Sonia Delaunay, French (born Ukraine), 1885–1979; Maquette of Exhibition Catalog, 1916; pochoir; 13 1/2 x 17 3/4 inches; Private Collection 2022.11
The Swedish exhibition was one of Delaunay’s first major international exhibitions outside France. It was intended to introduce her work to an avant-garde market in Scandinavia, and the exhibition catalog cover emphasized her colorful style.[3] Delaunay blended abstraction and figuration in ways that may not be apparent at first glance. The cover design is made up primarily of swaths of color that arch across the paper. The image itself is continuous, but a vertical crease down the center indicates that the paper was folded to create distinct front and back covers. The right portion—the front cover—depicts concentric circles of red, blue, and green that seem to emanate from a black core near the top; just below this, semicircles of green, blue, and yellow surround a pale pink dot. Contrasting arcs of oranges, blues, reds, and other colors make up the rest of the image. However, in a clever bit of self-promotion, what at first seems to be simply an exploration of colors and shapes is actually a self-portrait by Delaunay. The pink dot and surrounding colors suggest her eye and face, with a thin red arc representing her mouth, while the deeper colored circles above suggest a colorful hat atop her head.
Sonia Delaunay, French (born Ukraine), 1885–1979; Maquette of Exhibition Catalog (detail), 1916; pochoir; 13 1/2 x 17 3/4 inches; Private Collection 2022.11
The left, or back, portion includes the artist’s name and home city of Paris[4] as well as the name and location of the gallery in Stockholm presenting the exhibition. Here again, though, she subtly displayed a human figure through her use of color and form. The areas of orange and green at the top make up the head and arms of a figure, with the concentric circles near the center forming the body, and the brown and gray stripes at the bottom forming legs. This act of transcribing the figure into geometric patterns of color was common within Delaunay’s artistic practice at the time. She and her husband, fellow painter Robert Delaunay, were fascinated with the color theory of the French chemist Michel Eugène Chevreul, particularly his ideas of simultaneous contrasts of color. These contrasting colors, when viewed together, created a sense of movement and harmonious unity that became key to the Delaunays’ works, developing into the style they referred to as Simultanism.

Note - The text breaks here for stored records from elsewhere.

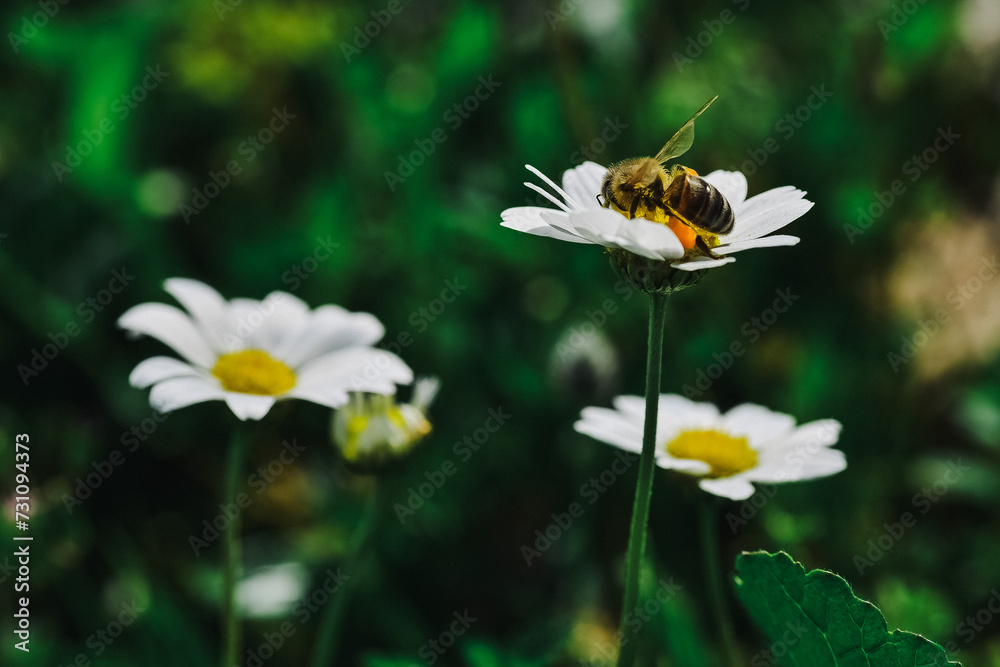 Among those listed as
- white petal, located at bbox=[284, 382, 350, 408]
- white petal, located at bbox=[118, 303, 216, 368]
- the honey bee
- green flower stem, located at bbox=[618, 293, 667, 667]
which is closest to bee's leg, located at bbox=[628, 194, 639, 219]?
the honey bee

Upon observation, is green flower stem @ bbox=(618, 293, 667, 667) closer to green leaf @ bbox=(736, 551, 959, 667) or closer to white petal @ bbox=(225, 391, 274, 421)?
green leaf @ bbox=(736, 551, 959, 667)

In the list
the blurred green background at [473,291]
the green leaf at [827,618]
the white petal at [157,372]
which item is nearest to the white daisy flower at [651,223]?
the green leaf at [827,618]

Color theory became essential to both artists, but Sonia sought to achieve “an extreme exaltation of color,”[5] working with a freer application than her husband. Both artists were painters, and as Robert gained renown for his works, Sonia supported his career while turning her attention to an entire range of other objects, including ceramics, bookbindings, and textiles. These were objects traditionally considered to be “minor” or “decorative” in relation to the so-called fine arts of painting and sculpture, but by the late 19th and early 20th century, many artists across Europe, including Sonia, made no distinction among these genres. Rather, she emphasized the significance of the intersections of art and modern life, applying her expressive color to all areas and incorporating art into the everyday.[6]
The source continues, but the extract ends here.